Cette éducation hors du commun permit l’épanouissement d’une nature exceptionnelle. Arrivée à l’âge adulte, mariée et mère de deux enfants, ayant payé son tribut à la vie sociale et mondaine, elle décide de se consacrer à Voltaire et à la vie intellectuelle. Installée avec lui dans la solitude du château de Cirey, aux confins de la Lorraine, elle prend conscience de la nécessité de revenir à sa première passion, celle de l’étude : « Depuis que j’ai commencé à vivre avec moi, et à faire attention au prix du temps, à la brièveté de la vie, à l’inutilité des choses auxquelles on la passe dans le monde, je me suis étonnée d’avoir eu un soin extrême de mes dents, de mes cheveux, et d’avoir négligé mon esprit et mon entendement. J’ai senti que l’esprit se rouille plus aisément que le fer […]. J’ai cherché quel genre d’occupation put en fixant mon esprit, lui donner cette consistance qu’on acquiert jamais, en ne se proposant pas un but dans ses études. » Lucide sur ses talents, elle sait qu’elle ne peut prétendre ni au génie de Voltaire, ni à celui de Newton. Elle s’assigne donc plus modestement le rôle de traducteur.
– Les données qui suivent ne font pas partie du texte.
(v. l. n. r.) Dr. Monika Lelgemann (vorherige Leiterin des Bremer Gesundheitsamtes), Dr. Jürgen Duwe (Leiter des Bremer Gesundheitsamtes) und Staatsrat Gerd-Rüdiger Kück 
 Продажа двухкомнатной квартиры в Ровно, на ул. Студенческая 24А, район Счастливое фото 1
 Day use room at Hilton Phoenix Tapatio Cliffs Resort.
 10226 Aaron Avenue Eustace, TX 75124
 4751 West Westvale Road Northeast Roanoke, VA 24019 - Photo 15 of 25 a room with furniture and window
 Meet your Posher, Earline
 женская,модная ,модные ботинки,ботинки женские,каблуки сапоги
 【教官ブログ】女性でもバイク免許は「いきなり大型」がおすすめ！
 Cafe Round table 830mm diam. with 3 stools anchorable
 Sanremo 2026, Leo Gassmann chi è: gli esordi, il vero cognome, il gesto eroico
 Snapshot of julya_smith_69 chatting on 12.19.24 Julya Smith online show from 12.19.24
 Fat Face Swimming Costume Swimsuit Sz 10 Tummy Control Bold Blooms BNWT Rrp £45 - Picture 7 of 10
Son but : « Transmettre d’un pays à un autre les découvertes et les pensées des grands hommes. » Elle ajoutera, comme pour se consoler de la modestie de cette ambition : « Je sais que c’est rendre un plus grand service à son pays de lui procurer des richesses, tirés de son propre fonds, que de lui faire part des découvertes étrangères […] , mais il faut tâcher de faire valoir le peu qu’on a reçu en partage. »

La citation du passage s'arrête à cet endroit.